Next, we’ll smooth bind the skin to the rig. Lets start with the skinning options first.
So since we have each joint selected we’re going to set to Bind to Selected Joints. We’re going to skin the geometry to the Closest Point in Hierarchy. 4 joints max will have influence over any vert. And the automatic fall off rate it will assign is 2.5 for now. Drop off rate in this case isn’t all that important. It tends to help out more on high poly models. Low poly models are so manageable though that we’ll most likely repaint everything by hand.
So next we’ll edit these skin weights by painting them on. Select just the skin and let’s open up the Paint Skin Weights Tool.
Text and pictures can only explain so much in this area. I’m going to use the tail and some of the head as a general example of what I’ll do for the whole thing. You can see the various joints are listed here. Again, this is another good example of why it’s important to name everything in a scene. You can see if I’m in wire frame I can see what joint I have selected in my paint menu if I’m unsure. To paint weights I’m going to use a solid brush with no feathering. My Paint Operation is set to Replace so I know for sure what I’ve added to each vert. Opacity will be all the way up to 1.
A little pointer on painting skin weights. Using your value and the replace option on you can either paint less weighting or more weighting to a vert. Each vert can only have a grand total of 100% weighting to any joints. So if jointB has 70% weighting, and jointB has the other 30% weight, if we decide to repaint jointB to 45%, it has to take that extra 15% from somewhere. So it would take that 15% from jointA, so we would have 55% weighting on jointA and 45% on jointB.
But what happens if we instead try to paint less weighting? Is we paint 25% less than what was there, how does it decide where to go? In all honesty it’s not very predictable. It could put it on any of the near by joints, it could evenly spread it across other joints weighted to that vert, or it could do nothing with it so that vert isn’t weighted at all 25% and sticks in space.

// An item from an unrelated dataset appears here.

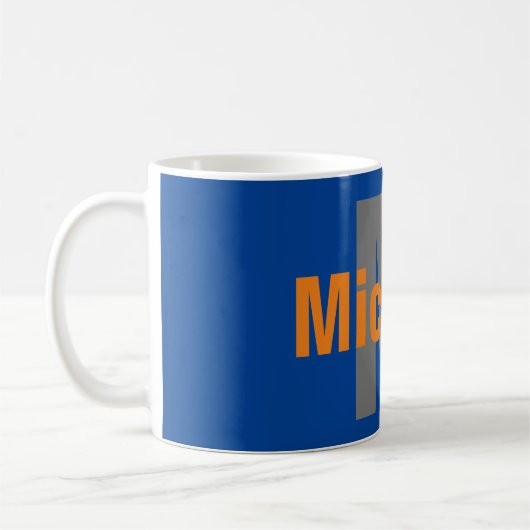 Monogram Eigen naam Initiaal Modern Plain Minimali Koffiemok (Links)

The same predictability becomes hard as well if say you have five joints weighted to a vert. Joint A B C and D. What if you want to take 10% off of joint D and add it onto joint A? You could try painting on the extra 10% to joint A, but how does it know which joint to take it from?
If you’re trying to be specific, you can see how things get tricky. The good news is you rarely have to be specific. It’s simply about painting what looks good. But having a little understanding of how the tool is working does help make things more predictable. The approach I tend to take towards it is much like painting. Block everything out fairly solid, and then smooth out the shading from there.

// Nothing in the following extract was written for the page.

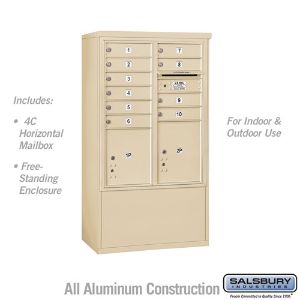 SALSBURY INDUSTRIES 3910D-10SFU Standard Horizontal MailBox, 4C, 10 Door High, Sandstone, Free Standing | CE7XRJ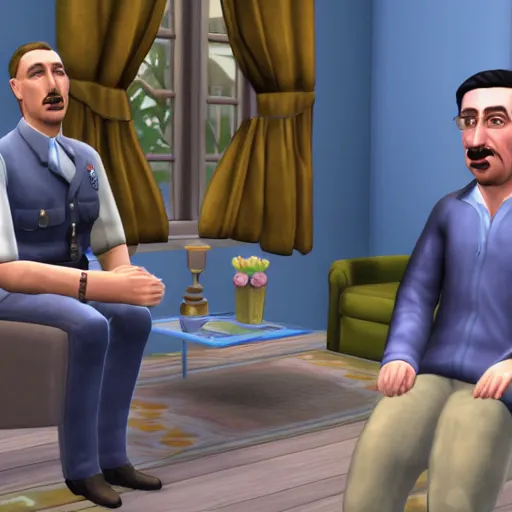 Prompt: hitler on the sims 4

So what I’ll do is start off by painting areas with a value of 1. Sometimes a little bit farther even than I want. After that I’ll paint the verts in between the joints. Say I paint a middle edge with 50%. I know I’ve added 50% to one joint and took 50% from the other. From there I’ll keep working my way out lower and lower in value. The most predictable way I’ve found to paint weights is to only replace weights and to only replace with a value higher than what was there. If you mess up, try to use the undo command rather than fix things by hand and repaint them yourself.
Make sure as your going to put your rig in the various posed it’ll need to achieve. You can paint and modify the weights in these poses. Just make sure to put the rig back in its default position as you go. Again another good reason to have zeroed out rotations before you skin.